NCRG-funded Investigator Awarded Nih Grant

Who will be the next generation of gambling researchers? The NCRG is not leaving this question to chance. Since 2004, the NCRG has funded grants specifically designed to offer new investigators the opportunity to focus on a research project under the mentorship of senior scientists. The NCRG is proud of the many accomplishments of these emerging scientists.

Recently, we were heartened to learn that the first recipient of an NCRG new investigator grant,Silvia Martins, M.D., Ph.D., has been awarded a $656,465 grant from the Eunice Kennedy Shriver National Institute of Child Health and Human Development to continue her work on “Predictors of High-Risk Behaviors Among Youth.” Dr. Martins is now associate professor of epidemiology at the Columbia University Mailman School of Public Health.

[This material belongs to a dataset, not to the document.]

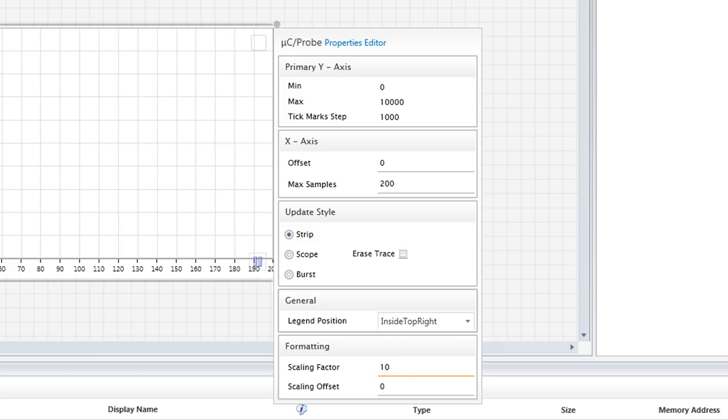Another of the graph properties that appears in the Properties Editor dialog is Update Style. The options for this property are Strip, Scope, and Burst. Which of these should be used for a particular graph depends, in part, on the data with which the graph is associated.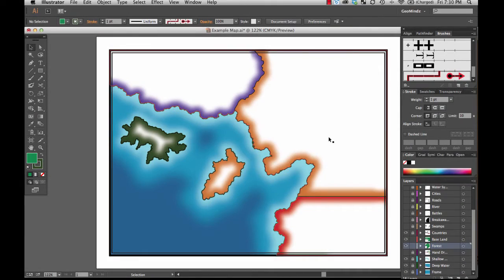Let me show you something that might speed up your vectorization. A very manual approach is to put the scan in and then trace over it. Everybody who has done cartography, especially in Illustrator, has had to do that at certain times. I've traced over a whole bunch of USGS topographic maps and basically redrawn them, because those are just raster scans of a USGS topographic map.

Dr. Martins’s five-year NIH grant will collect new information about gambling behaviors and gambling disorder in a high-risk population of 1,100 youth/young adults from two population-based samples of Puerto Ricans (ages 17-25) from two sites, the South Bronx, NYC, and San Juan, Puerto Rico. The specific aims of this study include:

  • Estimate the prevalence (past year and past three-month) of any gambling, frequent gambling and severity of gambling disorder during late adolescence/early adulthood;
  • Observe changes in the patterns of gambling and severity of gambling disorder over a two-year period when gambling behaviors are known to be undergoing the most changes;
  • Determine the characteristics of individuals who gamble;
  • Examine developmental disordered gambling pathways from childhood to young adulthood; and
  • Understand how gambling disorders are related to other risk behaviors that are also shaped during late adolescence/young adulthood. Dr. Martins will do this by determining different risk behavior clusters involving disordered gambling, HIV/STD risk behaviors, school drop-out and antisocial behaviors.

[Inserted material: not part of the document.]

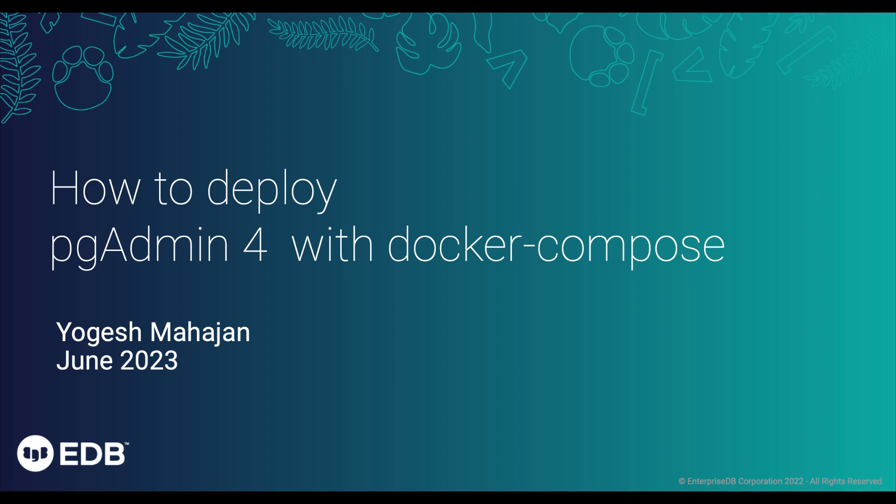Hi, I am Yogesh. In this video, I am going to demonstrate the process of deploying pgAdmin 4 using Docker Compose.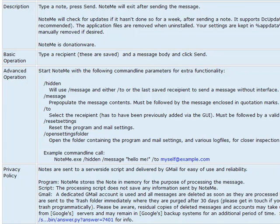This is a quick screencast for the program NoteMe, written by Donation Coder member Justice for our Nanny 2012 event. NoteMe is designed to do one thing very quickly and simply, which is send an email to a memorized address.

This project will address the need for research on gambling among minority populations, as well as the need for longitudinal data and a model that integrates an array of risk and associated factors. By focusing on Puerto Ricans living in two settings, Dr. Martins and colleagues will be able to examine the important role of environment in the development of gambling disorders in an ethnically homogeneous group.

The NCRG congratulates Dr. Martins for continuing to study disordered gambling among minority youth and for leveraging new monies for gambling research!